Raw data:
☆ ☆ ☆ ☆ ☆ ☆ ☆
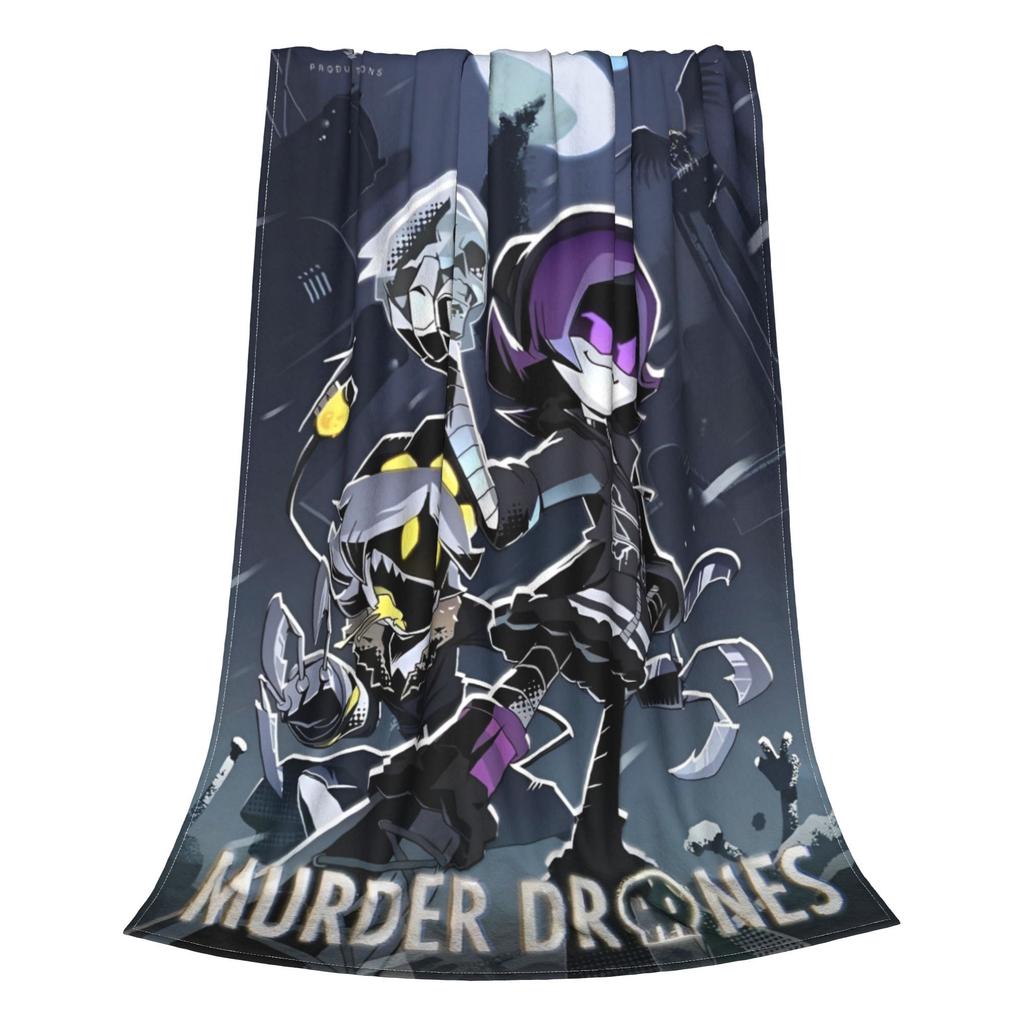 Murder Drones N and Uzi Fleece Throw Blanket  Blanket for Home Travel Warm Bedroom Quilt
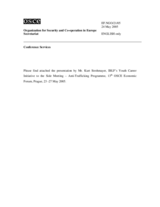 Presentation by Mr. Kurt Strohmayer, IBLF's Youth Career Initiative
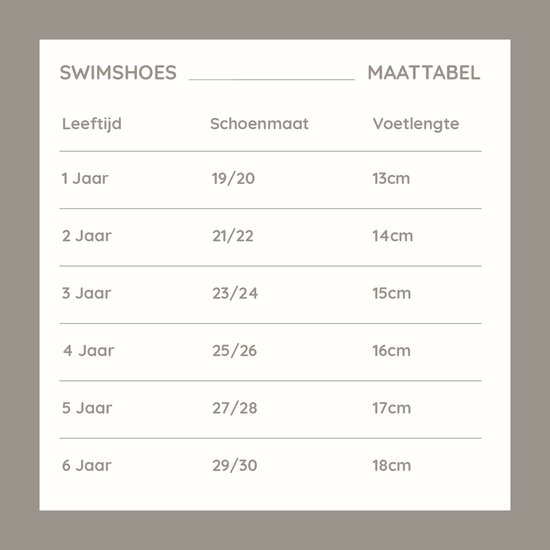 Fresk Zwemschoenen 27/28 -UV 50-bescherming – Antislip Strandschoenen – Quick Dry – Waterschoenen voor Kinderen – Elastische Pasvorm Jongens - Creme - Lighthouse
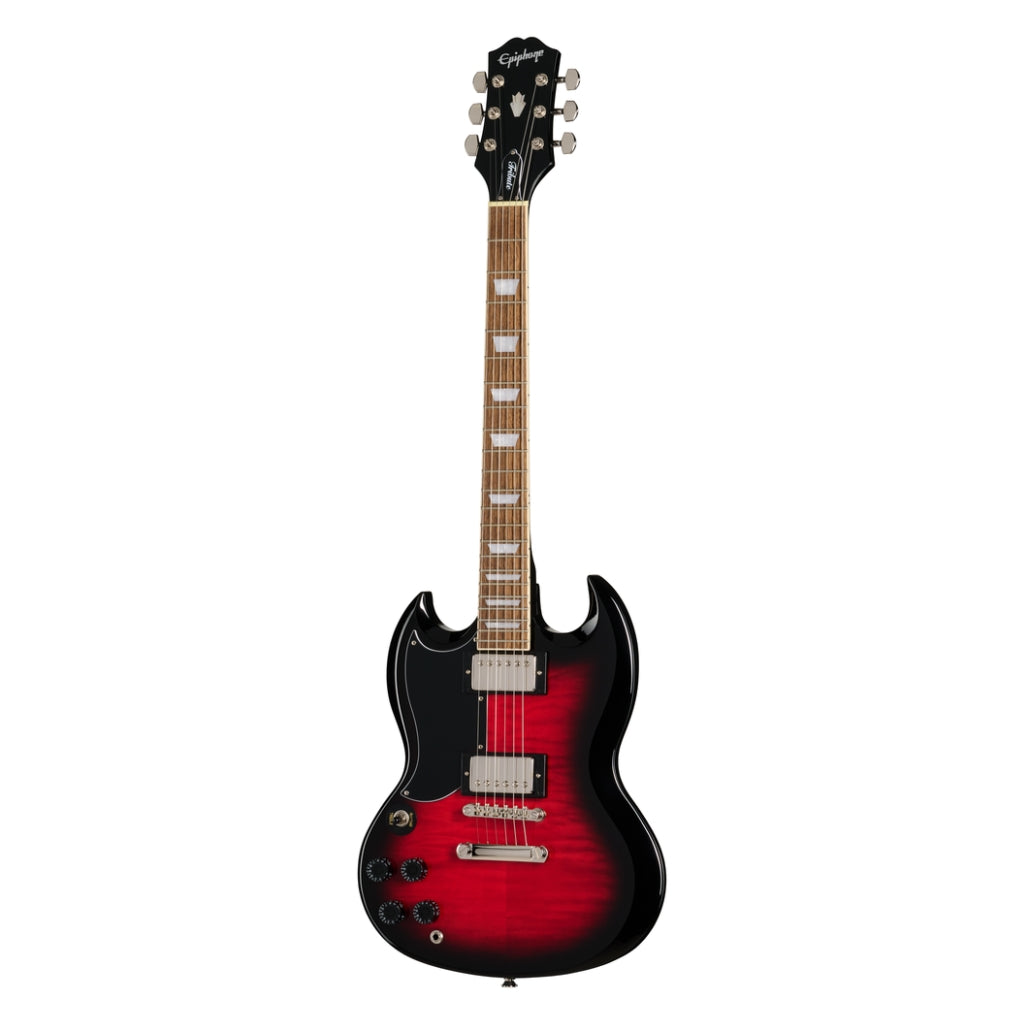 Epiphone - SG Tribute Electric Guitar - Cherry Burst, Left Handed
☆ ☆ ☆ ☆ ☆ ☆ ☆
All the lines above should be reproduced exactly, and none of the pictures.

 Murder Drones N and Uzi Fleece Throw Blanket  Blanket for Home Travel Warm Bedroom Quilt
 Presentation by Mr. Kurt Strohmayer, IBLF's Youth Career Initiative
 Fresk Zwemschoenen 27/28 -UV 50-bescherming – Antislip Strandschoenen – Quick Dry – Waterschoenen voor Kinderen – Elastische Pasvorm Jongens - Creme - Lighthouse
 Epiphone - SG Tribute Electric Guitar - Cherry Burst, Left Handed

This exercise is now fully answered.